[MATERIAL FOR THE TASK — start]

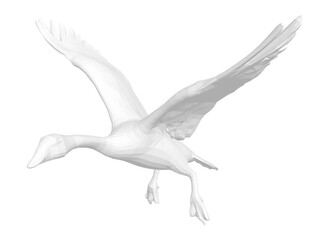 A white swan flies with wings spread wide, its feathers glistening in sunlight. The bird's neck and legs are outstretched against a bright white background.
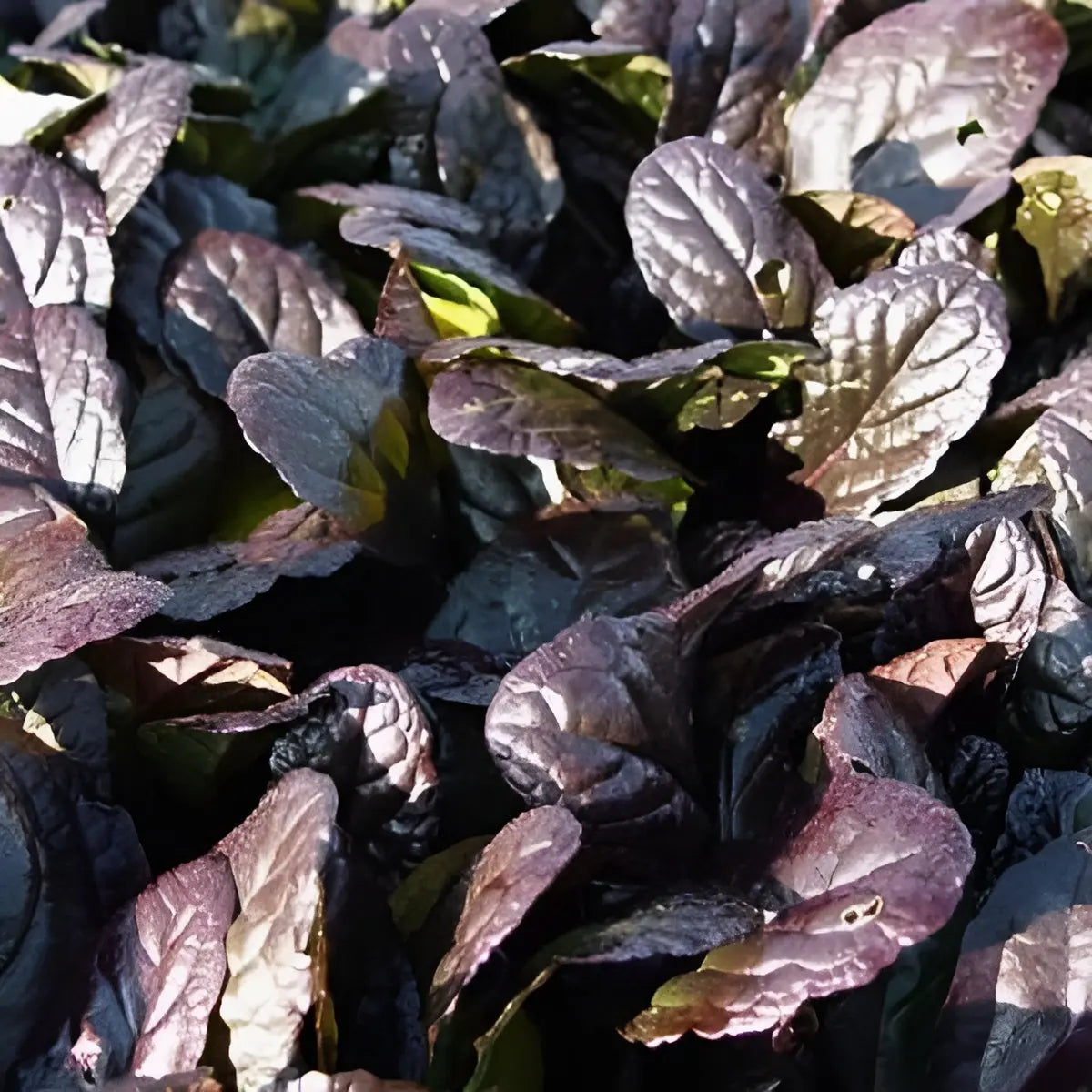 Ajuga reptans 'Evening Glow', Staude mit dunkelroten und grünen Blättern, wächst als Bodendecker in Garten.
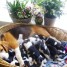 chiots-beagles-pure-race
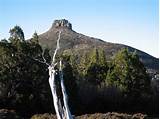 Pictures of Cradle Mountain Hiking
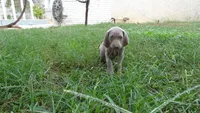 YELLOW GIRL/Ivanka, a female Weimaraner for sale in Las Vegas, NV – Photo 5 of 10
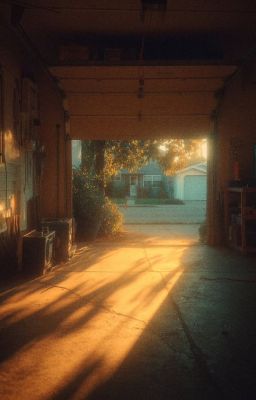 [woolong][ald1] nhật ký của kẻ học cách bắt đầu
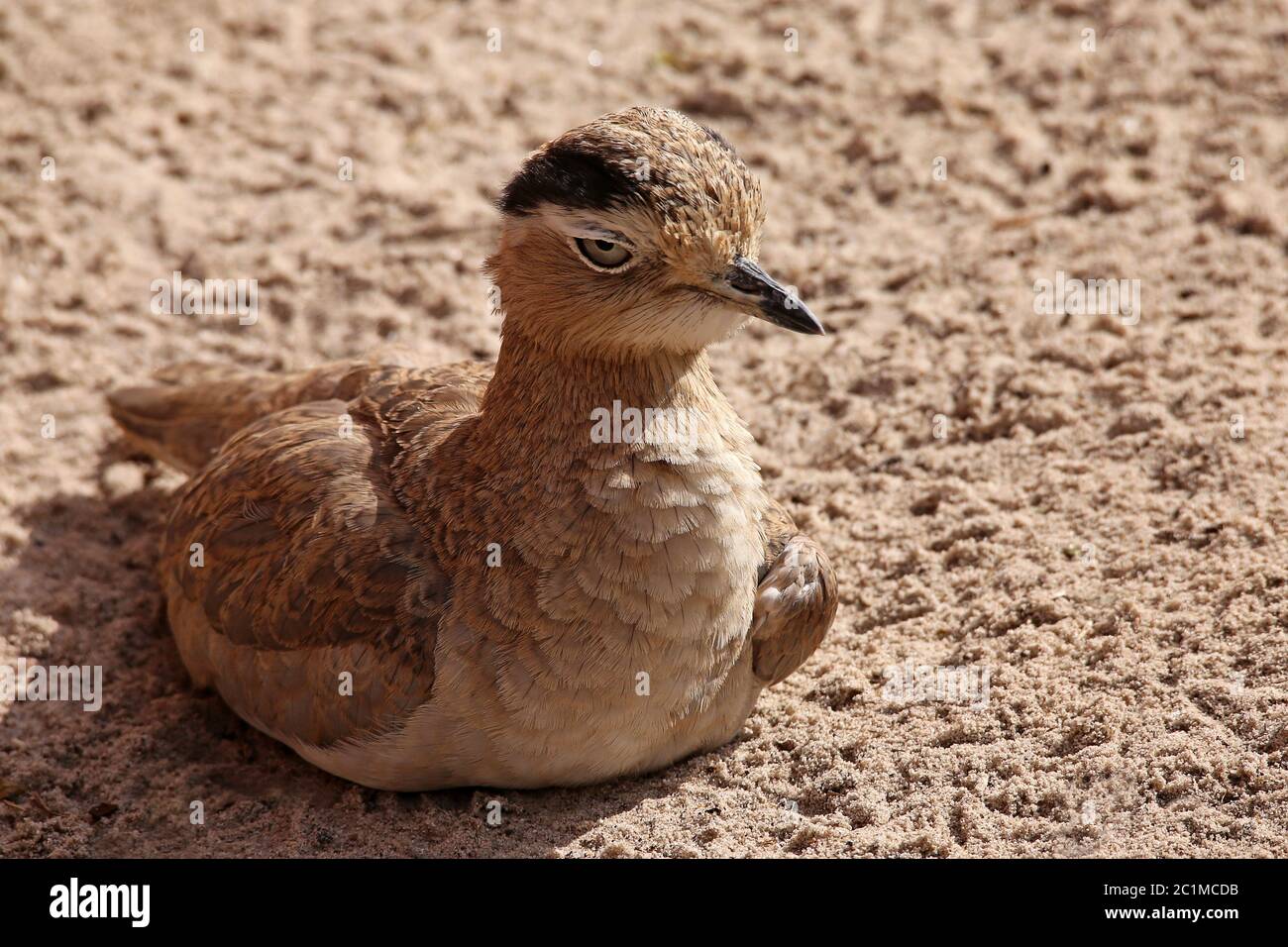 Perutriel Burhinus superciliaris Stockfoto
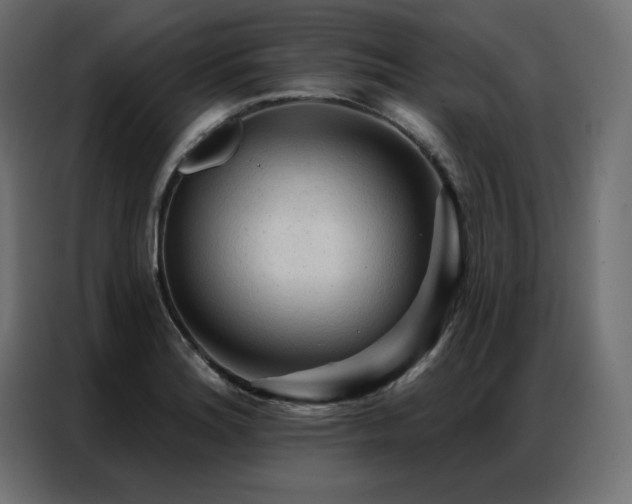 X0000086901180200704161307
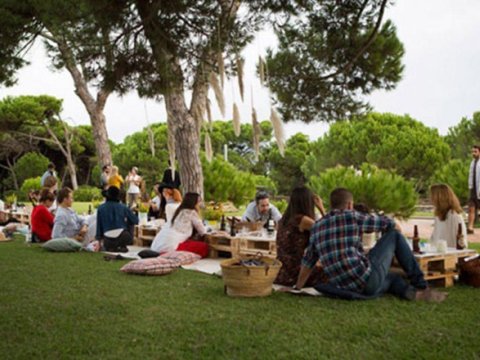 Milli parklarda piknik etmək olar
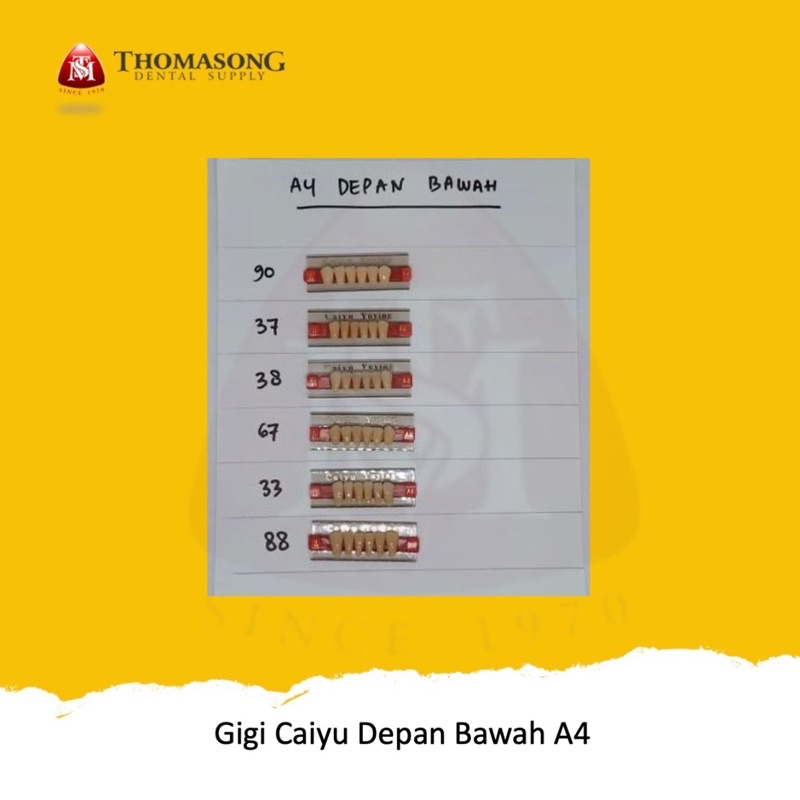 Gigi Palsu Caiyu Depan Bawah A4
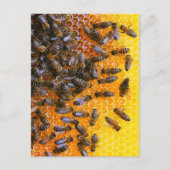 CARTE POSTALE HONEY BEES (Devant)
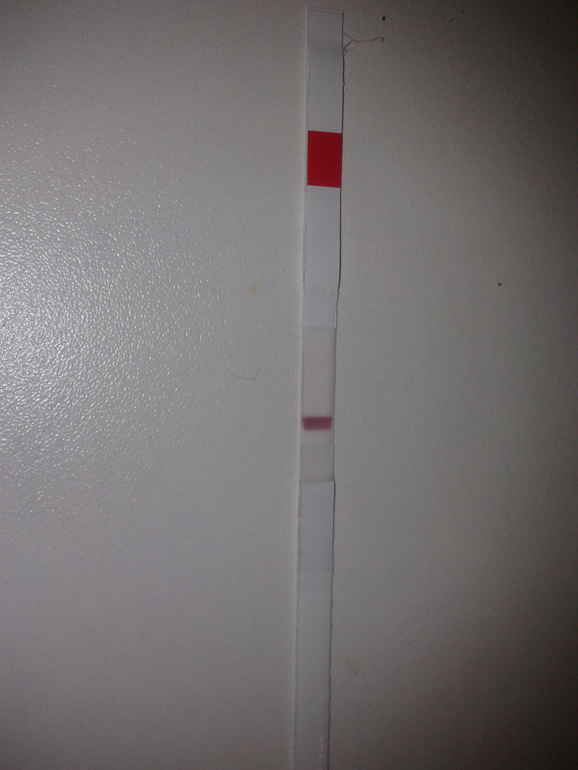 Девочки, очень интересно ваше мнение!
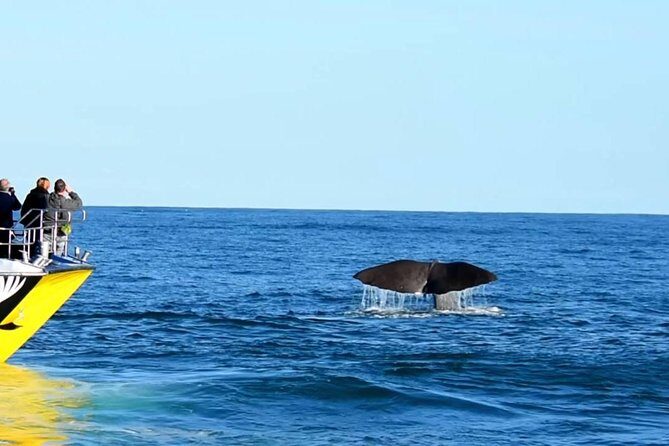 2 Day Kaikoura Whale and Dolphin Tour from Christchurch - Practical Tips and Considerations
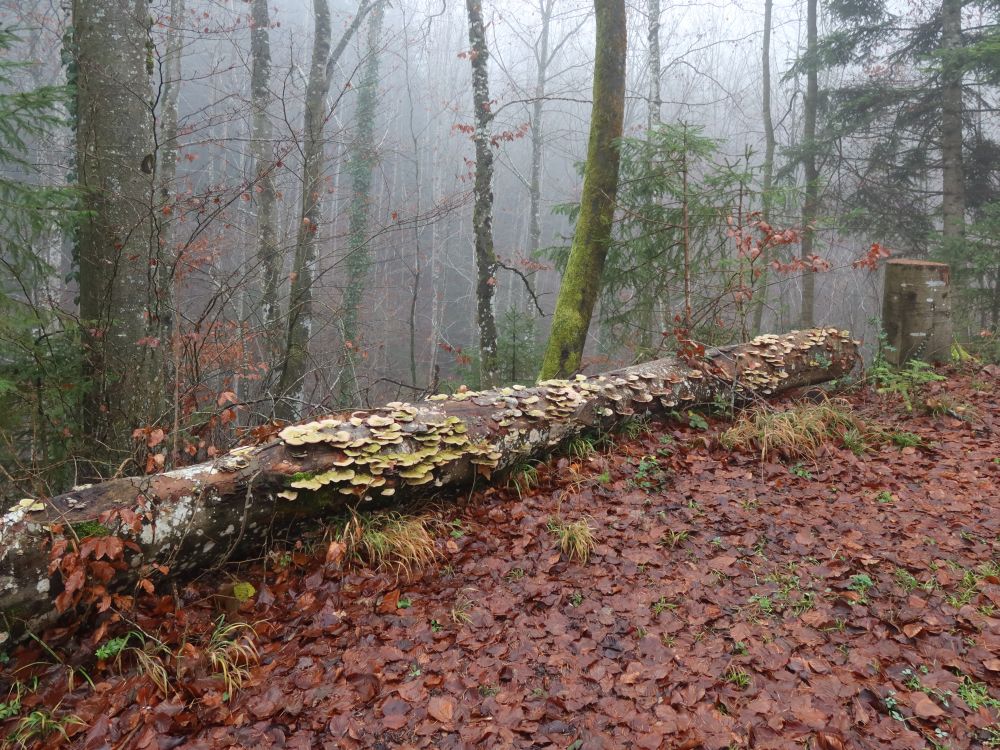 Pilze auf Totholz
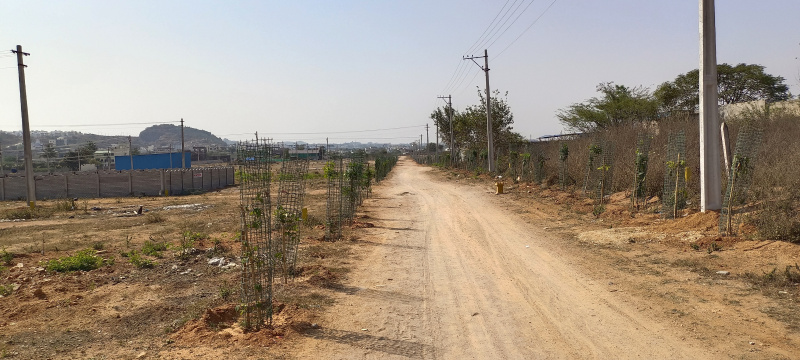  Residential Plot 1359 Sq.ft. for Sale in Balapur, Hyderabad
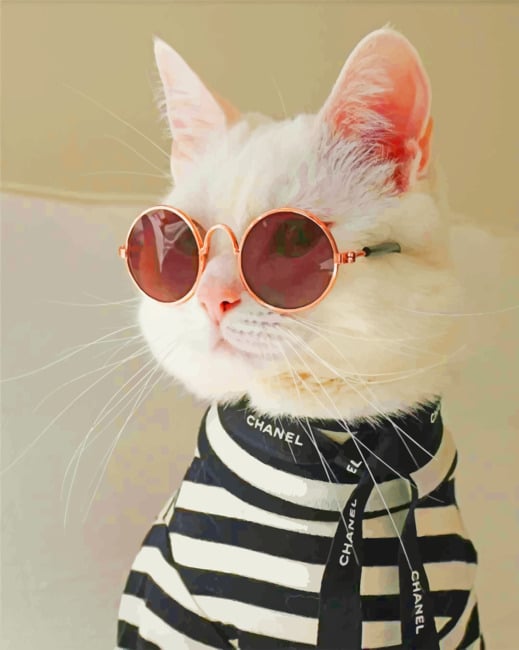 

Chanel Cat – Paint By Numbers - 40*50CM, 501 Original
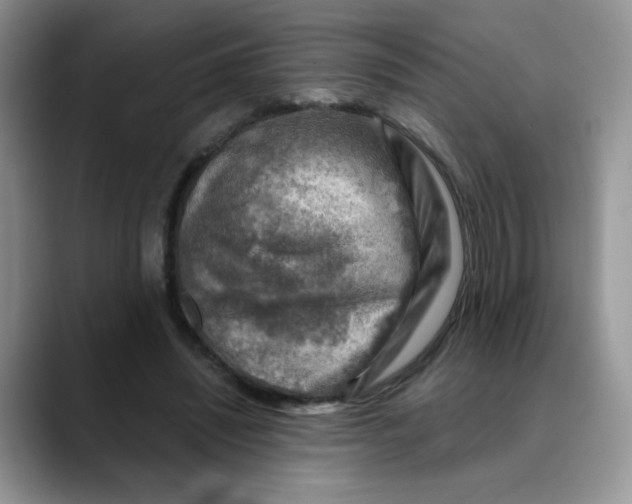 X0000088440444200706121512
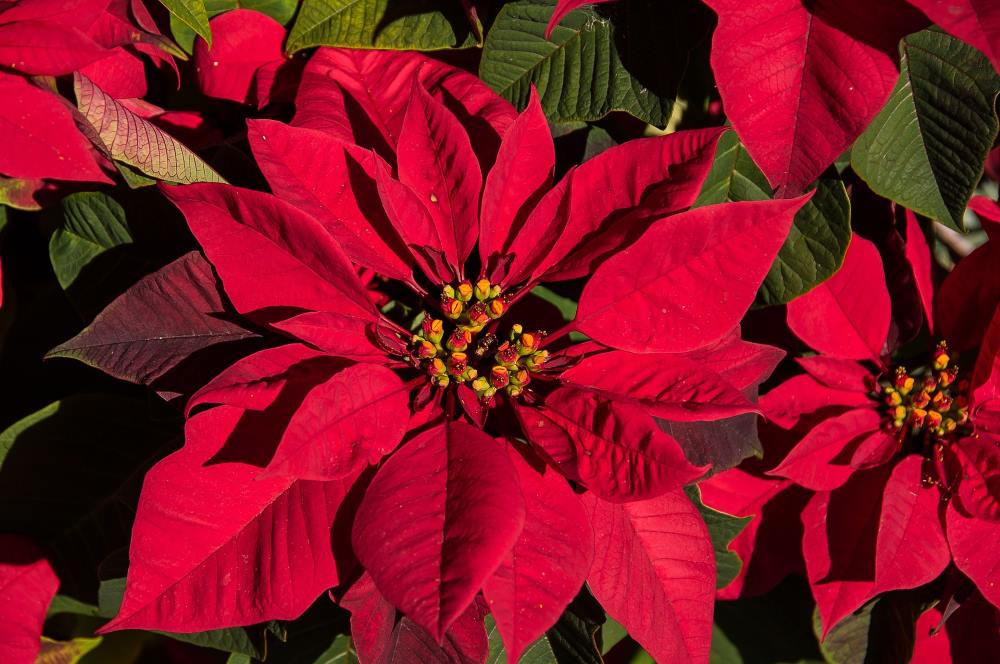 can-you-grow-poinsettias-outside-in-florida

[MATERIAL FOR THE TASK — finish]

TASK INSTRUCTIONS:
Repeat only the lines from the one with "Gigi Palsu Caiyu Depan Bawah A4" through the end of the data, both included and exactly as written. Pictures stay out of the copy.

SOLUTION FOR THIS TASK:
 Gigi Palsu Caiyu Depan Bawah A4
 CARTE POSTALE HONEY BEES (Devant)
 Девочки, очень интересно ваше мнение!
 2 Day Kaikoura Whale and Dolphin Tour from Christchurch - Practical Tips and Considerations
 Pilze auf Totholz
  Residential Plot 1359 Sq.ft. for Sale in Balapur, Hyderabad

Chanel Cat – Paint By Numbers - 40*50CM, 501 Original
 X0000088440444200706121512
 can-you-grow-poinsettias-outside-in-florida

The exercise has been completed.